European Economic Affairs Commissioner Pierre Moscovici acknowledged on December 14 that progress in the negotiations had been made, although an agreement still needed to be finalised.

Italian Prime Minister Giuseppe Conte has in recent days hinted at the possibility that Italy’s deficit target could drop from 2.4% — rejected by the European Commission – to 2.04% of GDP. Conte brought the latter proposal to Brussels for bilateral talks with President of the European Commission, Jean-Claude Juncker on December 12 in the hope of making a breakthrough

“It’s a step in the right direction, but we aren’t there yet,” said Moscovici. Under EU fiscal rules, Brussels must see its structural deficit cut below the 1.8% achieved in 2018. That means Brussels will insist on a 1.7% deficit target, which is 0.1% lower than the 2018 deficit.

The European Commission, however, could allow for one-off “emergency expenses” to the tune of 0.2% of GDP.

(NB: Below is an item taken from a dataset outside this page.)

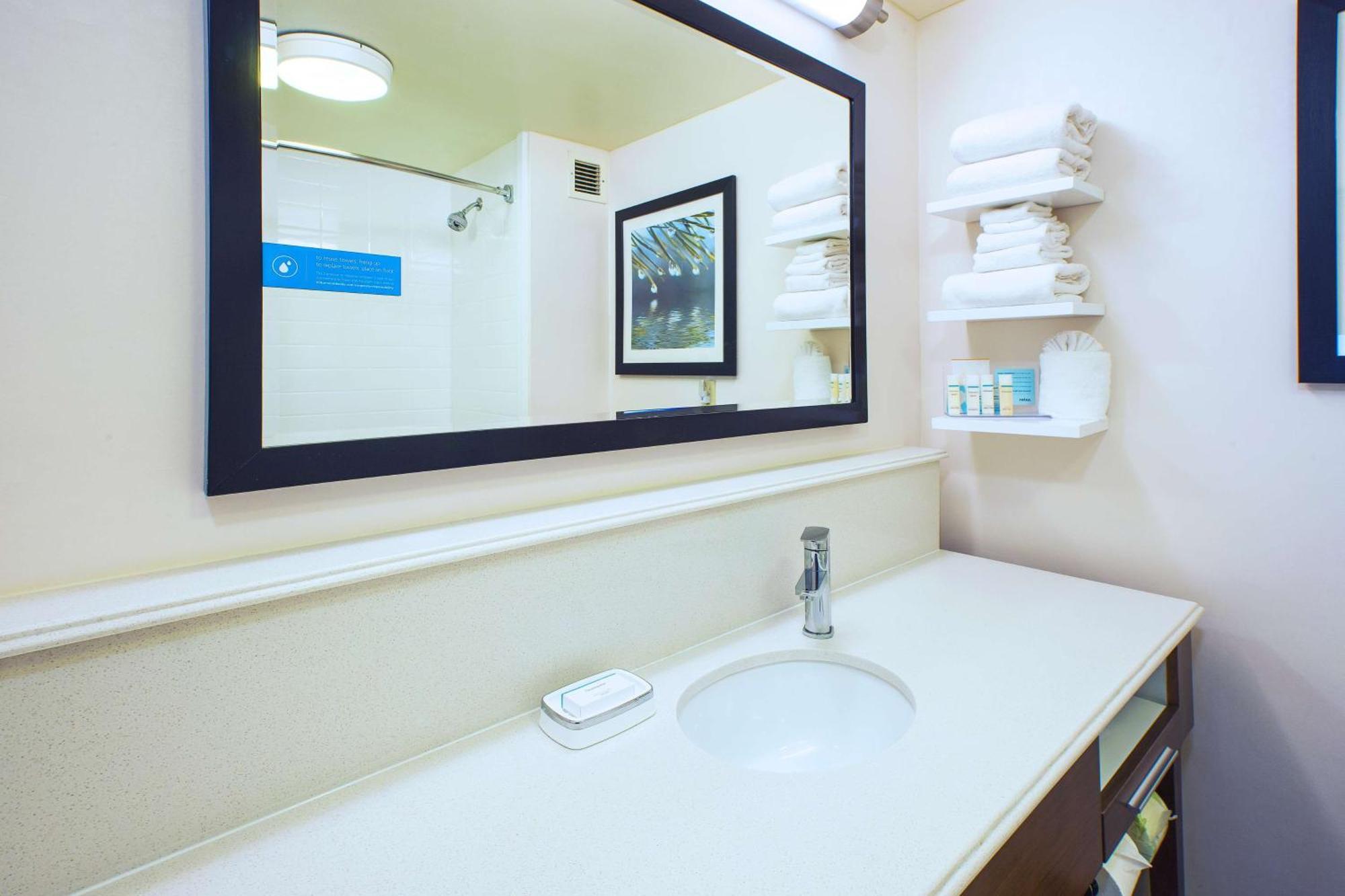 Hampton Inn & Suites Providence-Warwick Airport Dış mekan fotoğraf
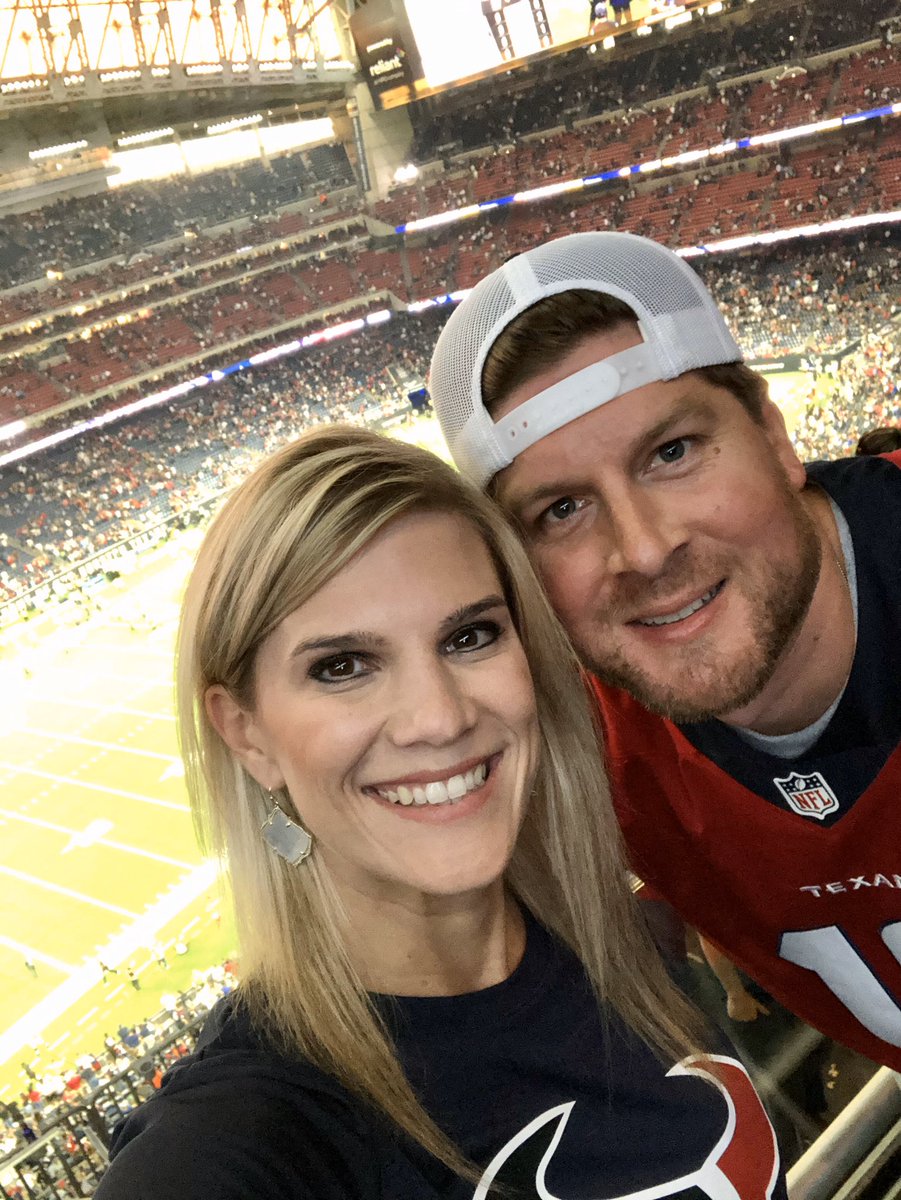 cmills2007's tweet photo. From LA to TX! Fun football weekend. 🏈💜💛💙❤️ #winwinweekend #geauxtigers #geauxtexans https://t.co/9u4XpetTm7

The Italian government insists that an expansionary budget is necessary given growth deceleration in the Eurozone. The European Commission insists that Italy must reign over its debt, the largest among the G7 economies and second only to Greece in terms of the debt-to-GDP ratio in the Eurozone.

The European Commission rejected Italy’s previous budget proposal and is expected to begin infringement procedures that could lead to a penalty equal to 0.2% of GDP. Italy’s Deputy Prime Minister Matteo Salvini expressed confidence on that an agreement with Brussels could be secured, saying Italy’s proposal is far more manageable compared to that of France, whose 2019 budget appears to have been utterly derailed due to a series of concessions President Emmanuel Macron was forced to make to appease the Yellow Vest protest movement.